Atlanta He sniped. He smirked. He cajoled. He antagonized.
John Chaney was perfectly cast Saturday in the role of grumpy grandfather-figure reveling in stories about the good ol' days and serving notice to his Temple players they'll never be good enough to beat a big, bad team like Michigan State today.
"That team is a champion," Chaney said, cutting his eyes disdainfully at David Hawkins. "They're going to rip you up."
Of course, this was all part of Chaney 101: Tear his players down, nitpick their every flaw, challenge them to please him when nothing ever will.

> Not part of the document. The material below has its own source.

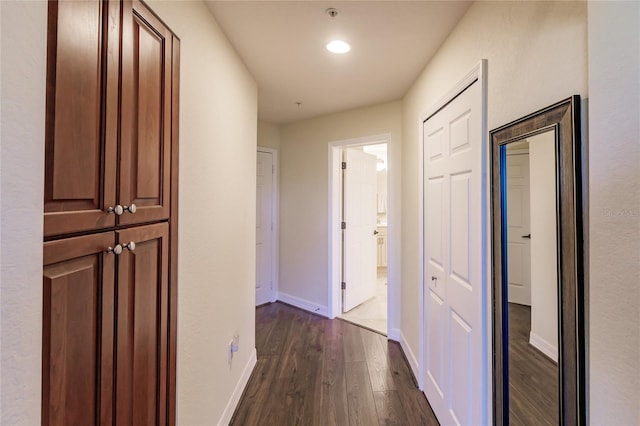 corridor with dark hardwood / wood-style floors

Maybe, just maybe, this formula will finally carry Chaney to a Final Four. For the fifth time, he's come to the brink by reaching today's title game in the South Regional.
Temple (24-12) fell short the last four times, most recently in 1999. To break that streak, the Owls must beat the defending national champions, a Michigan State team that has won nine straight NCAA Tournament games by double figures, the average margin a staggering 17.4 points.

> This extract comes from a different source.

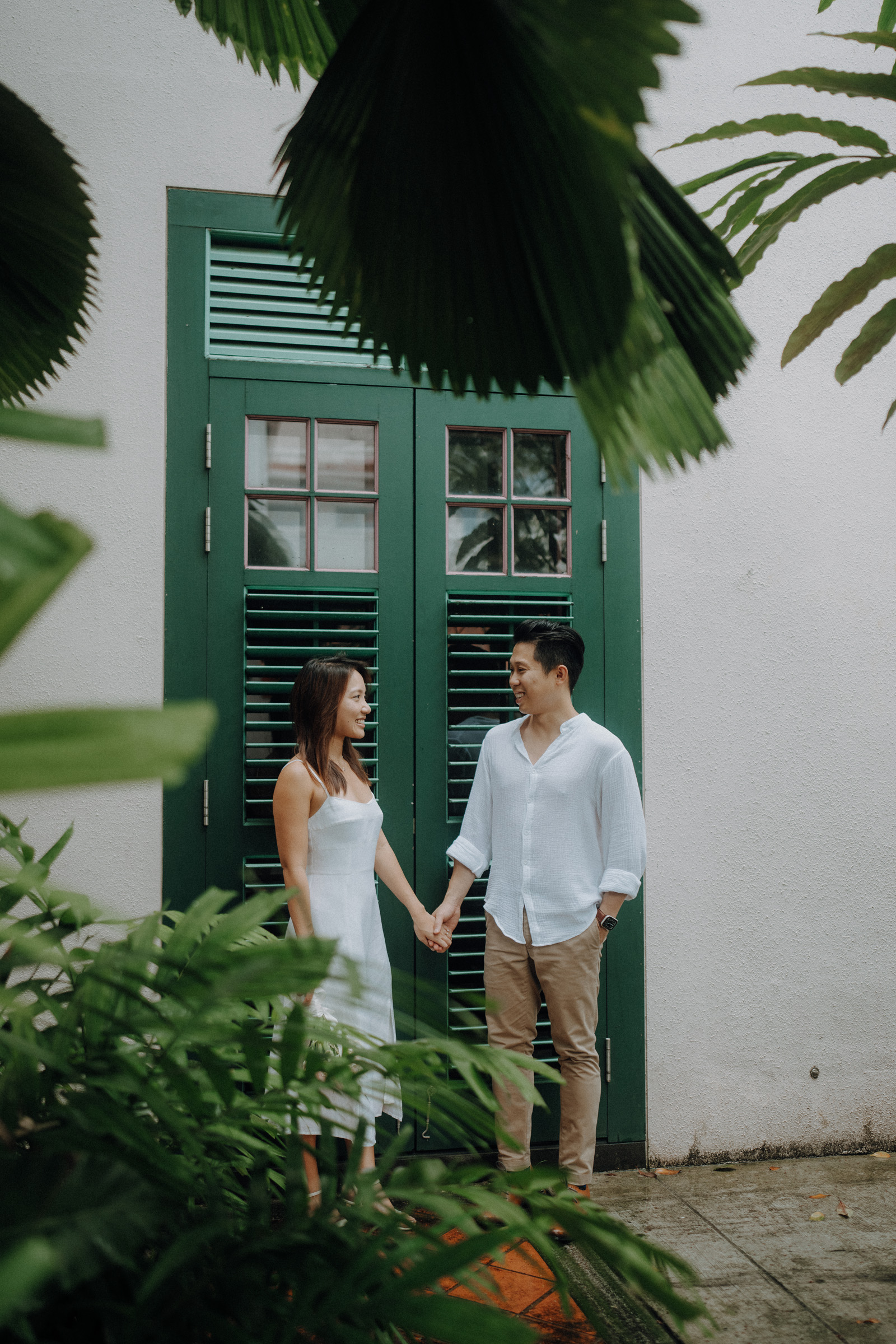 A couple holds hands while standing near a green shuttered window surrounded by lush greenery.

Of course, the top-seeded Spartans (27-4) haven't beaten Temple since the early 1940s, losing twice in the last four years against Chaney's maddening 1-3-1 zone defense.
Except for those wearing green, just about everyone is pulling for Chaney to win again. He is unquestionably the sentimental favorite in the dwindling NCAA field, a rumpled, 69-year-old curmudgeon hoping to reach the pinnacle in the twilight of his career. That Temple is an 11th-seeded team, saddled with a seven-game losing streak early in the season and a nine-player roster because of injuries and expulsions, only adds to the storyline.
"We've gone from America's team (Gonzaga) to America's coach," Michigan State coach Tom Izzo groaned. "I wish I wasn't playing Temple. If I wasn't, I'd be cheering for them 200 percent."
With one day to prepare for Michigan State, Chaney had little time to relish the moment or shower his team with praise. Not that he's ever very generous with that sort of talk.
"He's always going to find something wrong, no matter what," standout guard Quincy Wadley said. "You're caught between a rock and a hard place."